Resolving processor bottlenecks
After you’ve eliminated memory as a potential bottleneck, you
should examine the system’s processor usage to determine whether
there are any potential bottlenecks. Processor bottlenecks can occur if a process’s threads
need more processing time than is available. This, in turn, causes
the processor queue to grow because threads have to wait to get
processing time. As a result, the system response suffers and the
system appears sluggish or nonresponsive.
Excess interrupts are another common reason for processor
bottlenecks. Each time drivers or disk subsystem components, such as
hard disk drives or network components, generate an interrupt, the
processor has to stop what it is doing to handle the request because
requests from hardware take priority. However, poorly designed
drivers and components can generate false interrupts, which tie up the processor for no
reason. System boards or components that are failing can generate
false interrupts as well.
If a system’s processors are the performance bottleneck,
adding memory, drives, or network connections won’t overcome the
problem. Instead, you might need to upgrade the processors to faster
clock speeds or add processors to increase the server’s upper
capacity. You could also move processor-intensive applications, such
as Microsoft Exchange Server, to another server.
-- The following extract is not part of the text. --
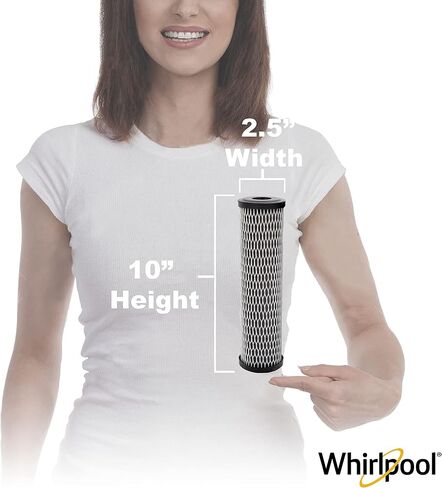 Whirlpool 5-Micron 10 x 2.5 inch CTO Replacement Water Filter WHKF-WHWC, Carbon Wrap Cartridge Reduces Chlorine Taste & Odor, NSF Certified for Whole House Sediment and Drinking Filtration System in Kuwait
Counters you can use to check for processor bottlenecks include the following:
-
System\Processor Queue
Length Records the number of threads waiting to be
executed. These threads are queued in an area shared by all
processors on the system. If this counter has a sustained value
of 10 or more threads, you might need to upgrade the processors
to faster clock speeds or add processors to increase the
server’s upper capacity.
-
Processor\%Processor
Time Records the percentage of time the selected
processor is executing a nonidle thread. You should track this counter
separately for all processor instances on the server. If the
%Processor Time values for all instances are high (above 75
percent) while the network interface and disk input/output (I/O)
throughput rates are relatively low, you might need to upgrade
the processors to faster clock speeds or add processors to
increase the server’s upper capacity.
-
Processor\%User
Time Records the percentage of time the selected
processor is executing a nonidle thread in User mode. User mode is a
processing mode for applications and user-level subsystems. A
high value for all process instances might indicate that you
need to upgrade the processors to faster clock speeds or add
processors to increase the server’s upper capacity.
-
Processor\%Privileged
Time Records the percentage of time the selected
processor is executing a nonidle thread in Privileged mode. Privileged
mode is a processing mode for operating system
components and services, allowing direct access to hardware and memory. A high value for all
processor instances might indicate that you need to upgrade the
processors to faster clock speeds or add processors to increase
the server’s upper capacity.
-
Processor\Interrupts/Sec
Records the average rate, in incidents per
second, that the processor received and serviced hardware interrupts. Compare this value to your
baselines. If this value changes substantially (I mean by
thousands of interrupts) without a corresponding increase in
activity, the system might have a hardware problem. To resolve
this problem, you must identify the device or component that is
causing the problem. Start with devices that have drivers you’ve
updated recently.